Veteran Service Officer Travis told the Montezuma County Board of County Commissioners on Feb. 9 that his office is recommending the county approve a vendor agreement to obtain staff access and 25 two-month 'veteran' licenses from a company called Veteran AI to help veterans prepare benefit claims and related documentation.
Travis said the office handled more than 1,400 in-person appointments and roughly 15,000 total veteran contacts last year, and that his office processed about $6.4 million in indirect income routed through county assistance while the U.S. Department of Veterans Affairs paid about $18 million into the county. He said the VSO office spent roughly 84% of its budget last year and has received state reimbursements (about $25,000 in the prior year and roughly $11,500 submitted in January).
Travis described Veteran AI as an operator-run platform that provides staff tools — including templates and guidance for buddy statements, injury narratives, nexus letters and other claims documents — and allows download of a service record ('C file') to identify likely claims. He said the county would purchase a staff-level 'advocate' access for VSOs and 25 licenses the county can issue to veterans; issued licenses run for two months, after which veterans must opt to pay to continue. Travis said licenses do not expire at the county level and that unused county-purchased licenses remain available.

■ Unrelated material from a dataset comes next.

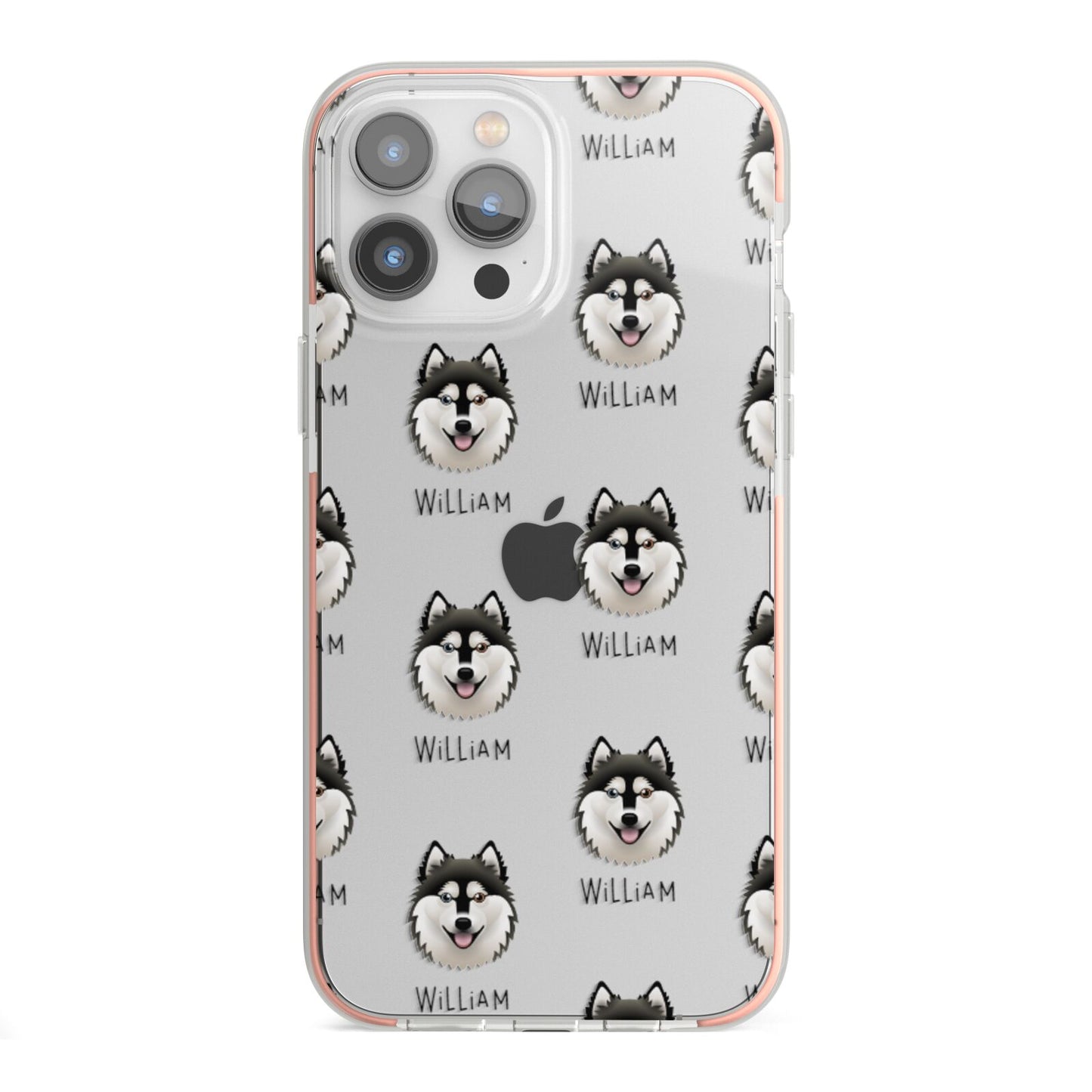Alaskan Klee Kai Icon with Name iPhone 13 Pro Max TPU Impact Case with Pink Edges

Commissioners asked for clarification about cost, duration and expected benefits. Travis said the main value is giving VSOs direct tools to accelerate claim preparation and to help veterans who are not technologically fluent; one commissioner and an attorney present described the platform as a potential time-saver for complex appeals work. No formal contract vote occurred; Travis said the item is being submitted for commissioner review as part of routine procurement and budgeted in his operations request.
The board did not take immediate action; staff were asked to include contract documentation and cost breakdown in an upcoming agenda packet so procurements and budget impacts can be reviewed publicly.
The next step: the Veteran AI contract will be routed through the county's normal procurement process and appear to the commissioners for formal approval and any required fiscal action.